Retention: machine learning at home

Published in

Machine Intelligence Report

4 min readJul 14, 2015

My Dad always tells me that computers should help people. So Nikita, our data scientist, and I decided to utilise machine learning to help us understand why users leave our app.

I won’t tell you why — sorry :) Well, maybe in a year or so— but I will show you how you can do it for your app.

There are multiple approaches & algorithms available (most of them John Foreman explains in his “Data Smart” book) , but we decided to try only 2 of them:

Clustering — to understand behavioral characteristics common to users who leave (i.e. number of flights they tracked, types of in-apps purchased & etc.) and then devise a retention strategy for each cluster.
Predictive modeling — creating models that predict whether user leaves the app based on patterns found in historical data.

I will cover only 1st approach in this post, next post will describe the 2nd.

Clustering

R language is the most affordable solution to perform cluster analysis.

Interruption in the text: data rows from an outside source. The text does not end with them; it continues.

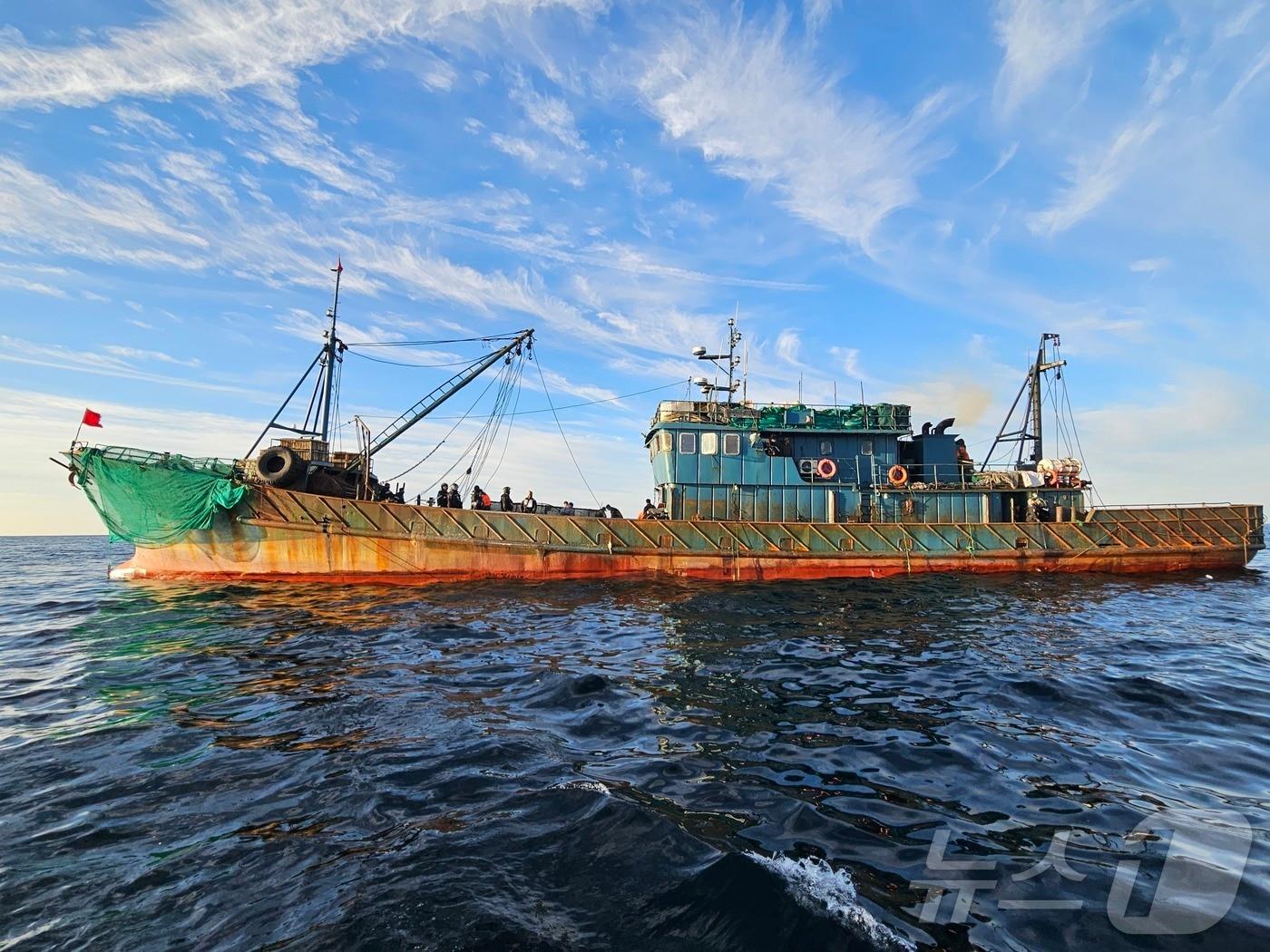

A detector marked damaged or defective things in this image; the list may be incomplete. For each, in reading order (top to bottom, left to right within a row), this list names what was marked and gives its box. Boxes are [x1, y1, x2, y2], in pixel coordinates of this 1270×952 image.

rusty ship hull [106, 487, 1259, 586]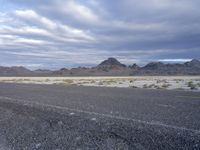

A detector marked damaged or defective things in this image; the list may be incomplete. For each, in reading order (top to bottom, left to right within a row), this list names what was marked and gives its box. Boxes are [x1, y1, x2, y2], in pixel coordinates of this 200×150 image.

cracked asphalt [0, 82, 200, 149]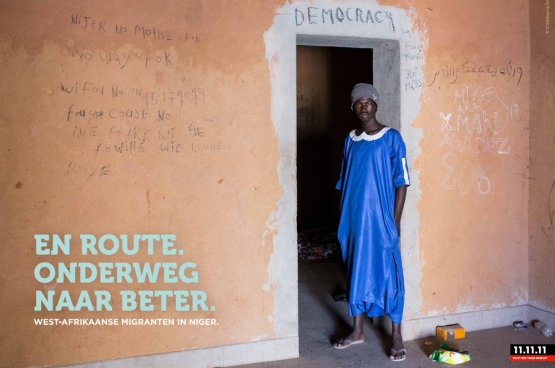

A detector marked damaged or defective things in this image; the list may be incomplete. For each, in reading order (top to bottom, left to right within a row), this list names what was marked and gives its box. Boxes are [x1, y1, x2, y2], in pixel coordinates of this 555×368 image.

peeling plaster wall [528, 1, 555, 314]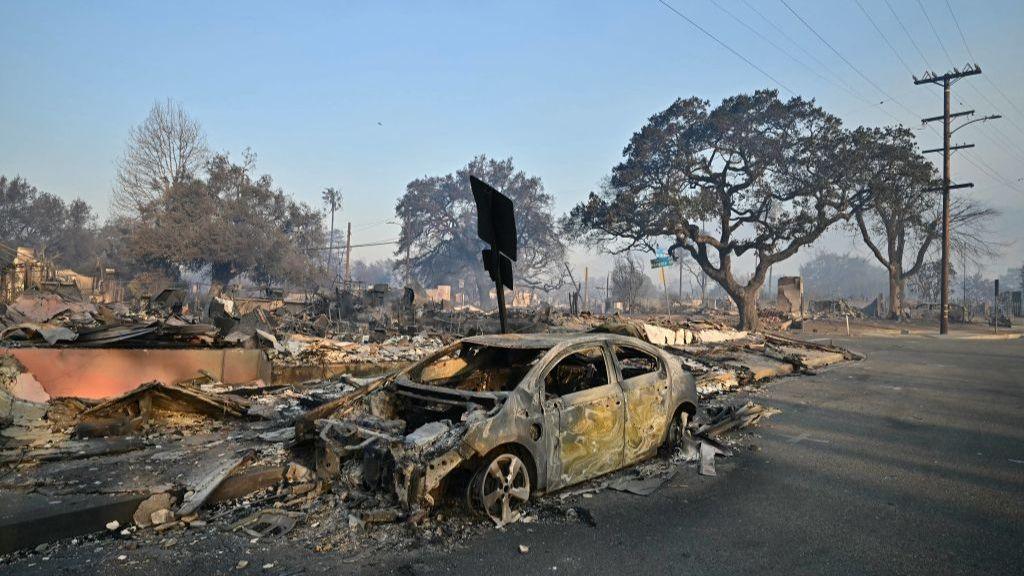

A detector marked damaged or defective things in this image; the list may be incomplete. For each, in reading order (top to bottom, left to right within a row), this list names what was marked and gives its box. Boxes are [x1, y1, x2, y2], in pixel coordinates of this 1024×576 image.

burned sign post [474, 178, 520, 336]
burned-out car [296, 332, 696, 528]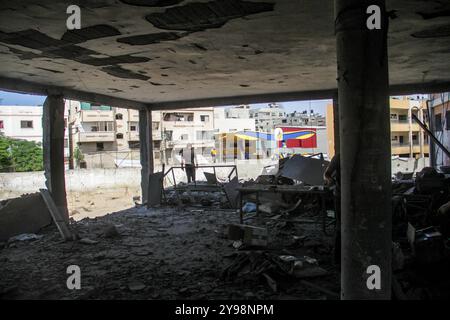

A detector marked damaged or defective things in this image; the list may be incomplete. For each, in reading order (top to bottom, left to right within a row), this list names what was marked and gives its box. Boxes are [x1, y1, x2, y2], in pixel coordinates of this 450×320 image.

damaged concrete ceiling [0, 0, 448, 107]
damaged roof edge [0, 75, 450, 110]
broken concrete block [0, 192, 51, 240]
broken concrete block [229, 224, 268, 246]
broken furniture [236, 184, 330, 234]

I won’t get into details of working with R and R Studio (here is a Coursera course and good tutorial), but will explain key steps and the script we use to perform it.

Data preparation

This is the most important step actually: remember “trash-in trash-out” problem, so be careful with this step. What you should start with is to brainstorm the metrics or events that characterise user’s behavior in your app. Please note that each characteristic should be presented in numerical form for cluster analysis to be executed.

Below is a sub-set of such characteristics for our app:

You will end up with an Excel file with columns for each characteristic and rows with values for each user analysed.

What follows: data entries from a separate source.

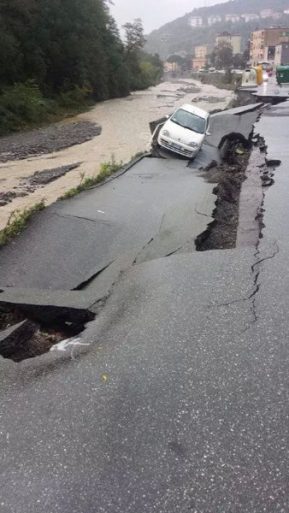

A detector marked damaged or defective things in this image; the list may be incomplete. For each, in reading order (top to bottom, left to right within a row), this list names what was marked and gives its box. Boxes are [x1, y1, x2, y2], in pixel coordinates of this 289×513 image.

cracked asphalt slab [1, 102, 286, 510]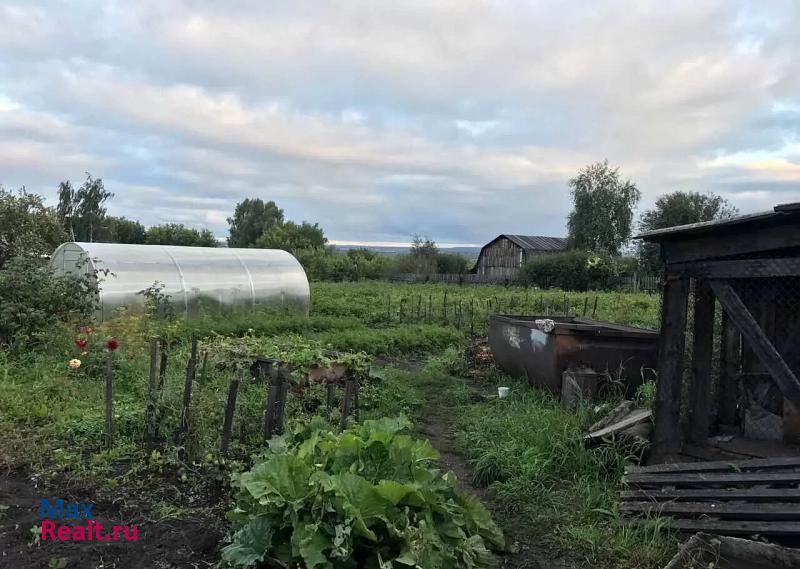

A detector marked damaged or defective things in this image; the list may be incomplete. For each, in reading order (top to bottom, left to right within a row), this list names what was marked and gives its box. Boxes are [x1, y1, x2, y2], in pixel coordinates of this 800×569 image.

rusty metal tank [490, 316, 660, 394]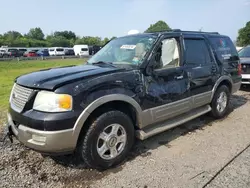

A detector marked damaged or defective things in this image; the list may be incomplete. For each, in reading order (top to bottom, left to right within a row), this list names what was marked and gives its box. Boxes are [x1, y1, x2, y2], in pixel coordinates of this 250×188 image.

damaged vehicle [6, 30, 241, 170]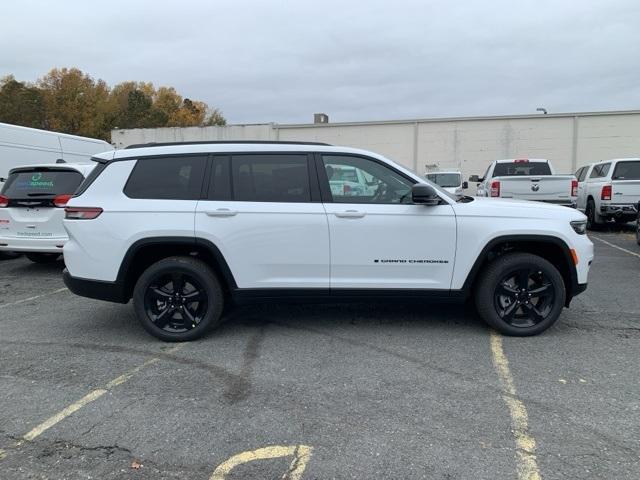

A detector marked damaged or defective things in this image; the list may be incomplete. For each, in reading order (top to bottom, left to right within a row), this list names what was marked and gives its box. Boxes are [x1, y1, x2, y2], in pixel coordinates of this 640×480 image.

cracked pavement [1, 227, 640, 478]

Data normalisation & clustering

Then you will need to perform data normalisation & clustering using R Studio. Here is the script with comments explaining some commands:

#read csv
aitadata <- read.csv(‘App_in_the_Air_users_join_2014_for_R.csv’, sep = “;”)
#take 2:19 columns only, no user ids for clustering
aitadata <- subset(aitadata,select=c(2:19))
#if needed, replace character columns with numeric ones, we need taRifx library for this
library( taRifx )
aitadata <- japply( aitadata , which(sapply(aitadata, class)==”character”), as.numeric )
#replace NA with 0 values
is.na.data.frame <- function(x) do.call(cbind, lapply(x, is.na))
aitadata[is.na(aitadata)] <- 0
#check — first 5 rows (just to make sure)
head(aitadata,5)
#normalise data
aitadata <- scale(aitadata)
#check if normalisation worked
head(aitadata,5)
#find the optimal number of clusters
wss <- (nrow(aitadata)-1)*sum(apply(aitadata,2,var))
for (i in 2:15) wss[i] <- sum(kmeans(aitadata, centers=i)$withinss)
plot(1:15, wss, type=”b”, xlab=”Number of Clusters”, ylab=”Within groups sum of squares”)
#perform k-means algorithm for clustering, number of clusters should be determined on previous step by observing the graph
fit <- kmeans(aitadata, 6)
#add cluster info to initial data
aggregate(aitadata,by=list(fit$cluster),FUN=mean)
aitadata <- data.frame(aitadata, fit$cluster)
#shows centers of each cluster to understand common characteristics
fit$centers
#number of users in cluster
cluster = aitadata$fit.cluster
cluster.freq = table(cluster)
cluster.req
#append user clusters to user ids
aitadata2 <- read.csv(‘App_in_the_Air_users_join_2014_for_R.csv’, sep = “;”)
aitadata <- data.frame(aitadata2[1], aitadata)
f <- file(“/Users/nkosholkin/Desktop/App_in_the_Air_users_join_2014_for_R_users_clusters.csv”)
write.csv(aitadata, file = f)

Understanding clusters

When you have cluster centers you may export them to Excel file, apply conditional formatting and understand what is common for each cluster:

For example, you can see that 3rd cluster clearly stands out from other clusters by the number of future flights, airlines s/he flies, countries and airport s/he has been to. We had about 10 other characteristics that give a clear picture about the common behavior of users from this cluster.

Designing retention strategy

You end up designing a retention strategy for each cluster, i.e.

Motivating users to “avoid” characteristics common to churned users, i.e. poor profile is an important characteristic, so you give some “perks” for user to connect Facebook or Twitter.
Retargeting users — since you know the user id’s and probably emails of the users of each cluster, then you may reach them in social networks or other apps & motivate to use the app again.
Notifying users by Push/Email — you may send out push notifications and/or personalised emals.

Re-designing product

Most probably (this is our case) such analysis will give you lots of ideas to re-design product onboarding or some specific user flows to improve retention. Basically, this is the most important outcome you will get! Make sure you discuss cluster centers with your team and brainstorm possible product changes.

NB

As you get cluster centers and clusters assigned to each user PLEASE PLEASE PLEASE spend some time verifying outcomes for common sense and check the source data for possible mistakes. Really, we changed the source data 5–6 times before we got to the point when all mistakes of data preparation & gathering were fixed.

Good luck! And do read John Foreman’s book & this research paper :)